Objectives: We explored social, demographic, and health risk factors for occipitofrontal circumference (OFC) growth in infants living in a rural, low-resource region of Guatemala.
Methods: OFC was measured at enrollment (0.1-2.9 months of age) and one year later (11.5-16.1 months of age) for 430 infants participating in a prospective cohort study conducted between 2017 and 2019. Potential predictors were collected at enrollment or were measured during the year of the study. We performed a two-stage risk factor analysis, using univariate regression modeling to identify potential risk factors, followed by multivariable regression modeling to identify independent, significant risk factors for smaller OFC at birth and 1 year in this low resource setting.
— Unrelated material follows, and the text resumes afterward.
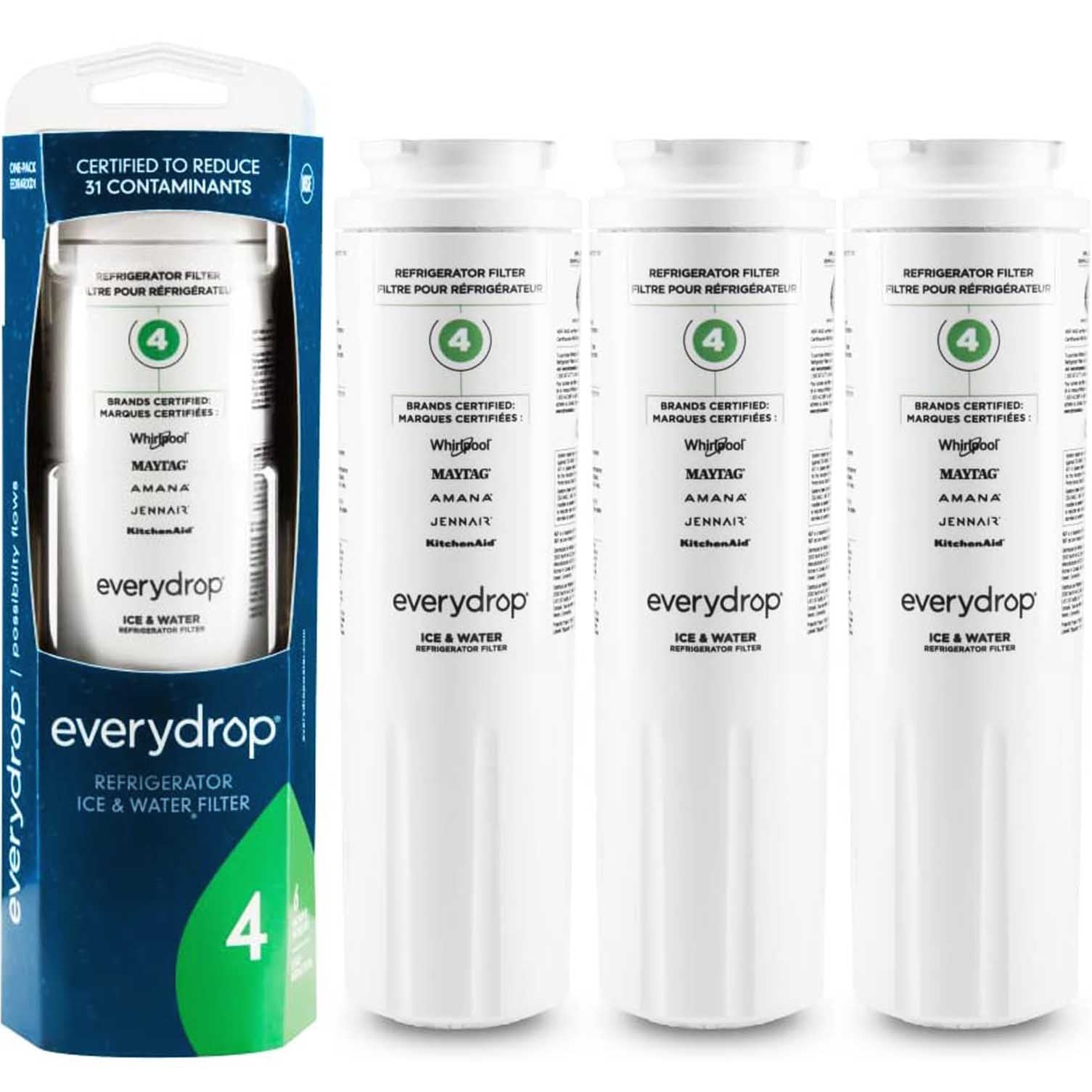 FILTER 4 - 9084 refrigerator water filter 4 - EDR4RXD1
Results: Mean OFC at enrollment was -0.4 (1.2) and at 1 year was -1.1 (0.9). Probable zika exposure in utero and shorter maternal height were independently, significantly associated with smaller OFC at both enrollment and 1 year. Exposure to cigarette smoking in utero was independently significantly associated with smaller OFC at enrollment. Infant complications at birth, microcephaly at enrollment and stunting at enrollment were also independently significantly associated with smaller OFC at 1 year (all p-values < 0.05). No exposures measured during the study were associated with OFC at 1 year.
Conclusions: All the independent predictors of small OFC during the study period were present at enrollment (within the first 3 months of life), including maternal height, and smoking and ZIKV exposure during pregnancy. Exposures after the first three months of life were not predictive of OFC at one year. Continued work to identify specific risk factors and develop targeted prevention programs is warranted.